Well, maybe it's due to the homogenous society, with everyone being so alike that every razor-thin difference is worth a whoop and holler.

Or maybe it's the intensity of the education system, in which youth are made to study so hard that their brains start to gobble up numbers the way some people put away peanuts.

Or maybe it's the mad consumer rush, in which every trend has to be bisected and trisected so as to slice off even the tiniest morsels of profit.

Or maybe it's the drive for precision that comes out in paper-folding, flower-arranging, karaoke-warbling and a million and one other Japanese arts.

Or maybe it's pure coincidence. Statistically, I suppose that's possible.

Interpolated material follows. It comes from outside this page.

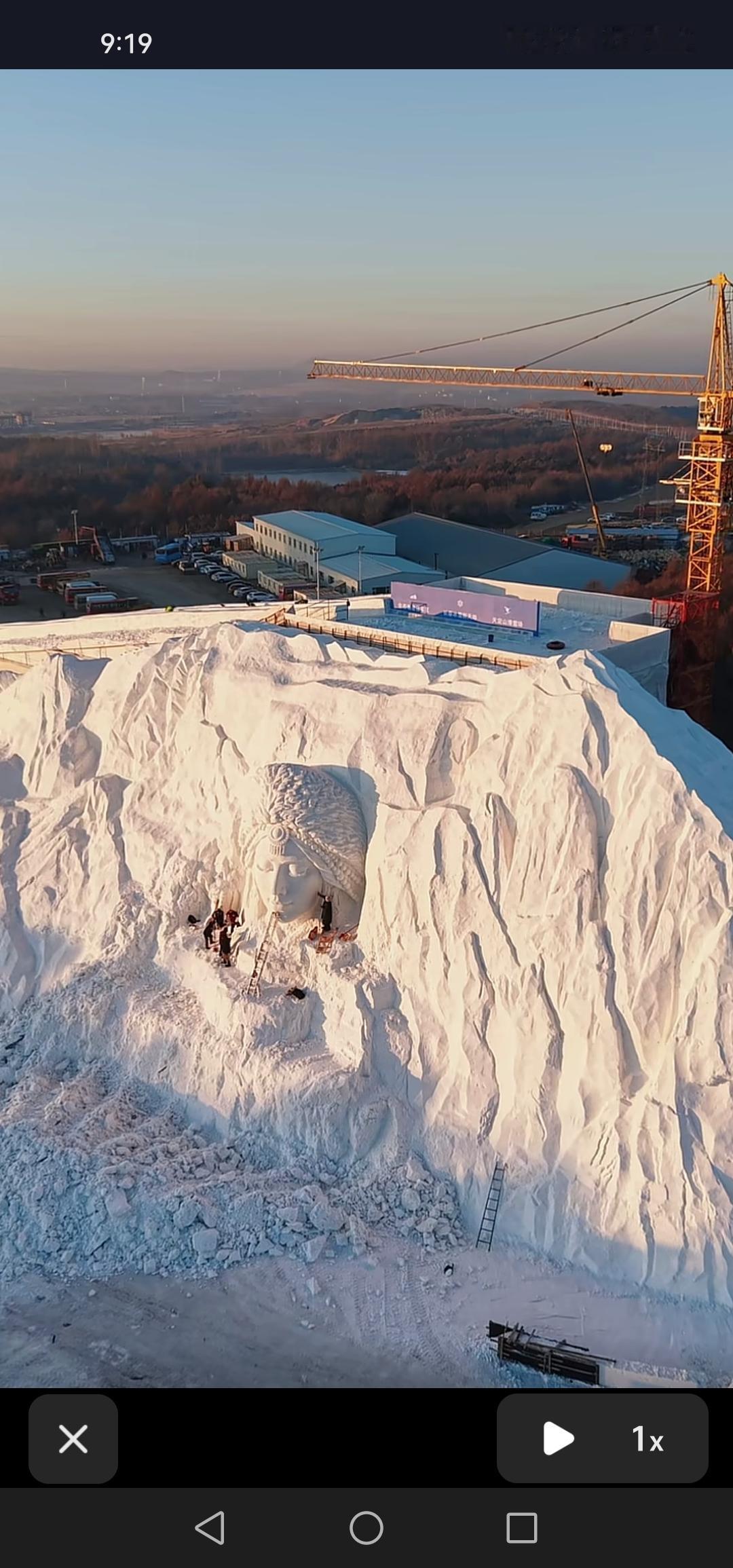 好消息！长春市雪新天地将于12月19日正式开园。不得不说，今年的长春冰雪新天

Nah. Japanese love number crunching so much that they have crunched them into their souls. How many times has so-and-so sung on "Kohaku?" How many years since this baseball team last appeared in Koshien? How old is the man being interviewed? The Japanese just have to know these things.

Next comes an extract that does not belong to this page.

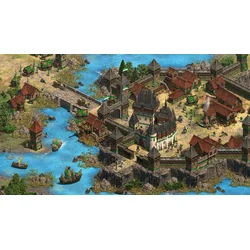 Age of Empires II Definitive Edition Dawn of the Dukes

My first job here was as a high-school teacher. Back then, the first full day of school was called "Measurement Day," on which students were cataloged as to weight, height, strength, speed, throwing arm, pencil-twirling, you name it.

Fair enough. Even in my green-to-the-gills youth, I could see that such studies had value and might even give some flunky in the Education Ministry reason to live.

But it didn't stop there. Within a week we had a faculty meeting. All the data had been collated, graphed, and printed on enough paper to wipe out 0.07 forests.

The teachers pored over the information like adolescent boys with dirty pictures. New records were cited, like the average school weight reaching a record high and a girl setting a brand new mark for shoe size. Then the head of the PE Department stood to explain why the average distance in the softball throw was down by 0.3 meters. We discussed and re-discussed this for an hour until at last everyone seemed sated and content.

The only true disappointment? We had to wait a full year until we could do it all again.

Of course, this same thing goes on everywhere — schools, companies, government and the media. Statistics float through the Japanese air like pollen.

"Ichiro has now hit safely for five consecutive games," says the TV anchor, his face twitching in a stat-induced grin.

I laugh and start to say, "Who gives a . . ." when I glance at my lunch partner. He is mesmerized.

"Five consecutive games. Wow. That means . . . if only he can get a hit tomorrow . . . it will be. . ."

And then there are the ultimate stars of the Japanese number world — weather announcers.

"Today's high was 0.14 degrees below the average for this day and 8.26 degrees below the record. Now, with my magic weather baton and corny cloud graphics, I will attempt to explain why."

The famous quote here is that there are lies, damned lies and statistics. Some claim Mark Twain said this and others say Benjamin Disraeli. (Actually, Twain 60.2 percent, Disraeli 36.4 percent, and 3.4 percent various others).

But in Japan statistics and numbers are never damned. They are exalted.

My wife argues back that it is not just the Japanese that love statistics but everyone, a human lust for trivia that burns indistinct of cultural background. She is adamant about this.

So much that I can only make her smile by telling her she is so cute when she pouts and throws things.

"Hmm. I bet you used to tell that to all the girls," she says.

No, no, I admit. Only 96.6 percent. According to my data.